Tourmaline comes in virtually all colours and some stones have more than one colour giving a two-tone or even three-tone effect.

  • Rubellite : is a classification for the stones of these particular hues- pink, red, purplish red, orangey red, or brownish red.
  • Indicolite : is considered to include dark violet-blue, blue, or greenish blue tourmaline.
  • Paraíba : This stone classification is named after the state of Paraíba in Brazil where the famous intense violet-blue, greenish blue, or blue tourmaline is found.
  • Chrome : This tourmaline (unlike the other classifications) comes in one hue- an intense green. It is comprised of the same element that colours Brazilian and African emeralds.
  • Parti-colored : These stones display more than one colour in its body. One of the most common combinations is Watermelon tourmaline. It is green on the outside and pink on the inside, but many other combinations are possible.

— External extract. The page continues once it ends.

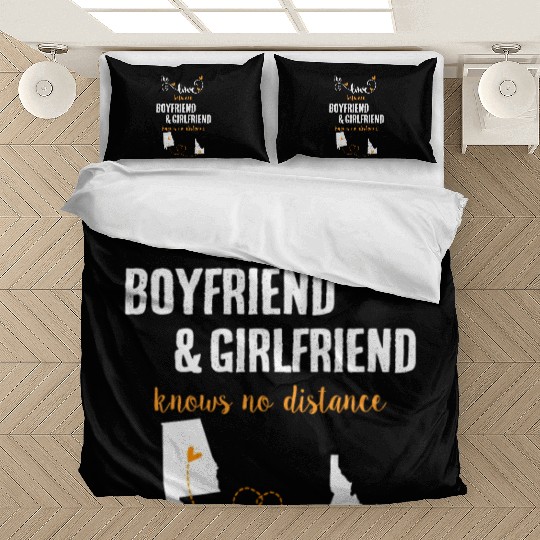 Love Between BF And GF Albm To Idaho Gift Bedding Sets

  • USA- California & Maine (Pink & Green)
  • South America- Brazil (Blue)
  • Africa- Nigeria, Kenya, Tanzania, Zambia, Mozambique and Namibia (Purple, Green, Pink-Red & Blue-Purple)
  • Asia- Afghanistan and Pakistan (Green, Green-Yellow & Red)
  • Thailand (Orange & Copper)
  • Russia (Blue-Purple)

History of Tourmaline

Tourmaline comes in such a vast array of colours and in the past it was hard to distinguish it from other well known stones such as Rubies, Sapphires and Emeralds. This was because stones were originally identified by their colouring alone. It has been mistakenly used in replacement of those aforementioned stones and called by those false names for centuries.

In the 1500’s, a Spanish Conquistador in discovered a green tourmaline crystal and confused the vibrant gem with an emerald. It was only in the 1800’s that it was discovered that Tourmaline was a distinct mineral species. In Brazil in the 1980’s and 90’s more colour variations of Tourmaline were discovered.

One of the earliest reports of tourmaline in California was in 1892 when Chrome tourmaline was discovered. Due to this discovery the sale of tourmaline exploded and it’s biggest market was in China. A large portion of the Californian pink and red tourmaline was shipped to the Chinese market because it was the Chinese Dowager Empress Tz’u Hsi favourite colour.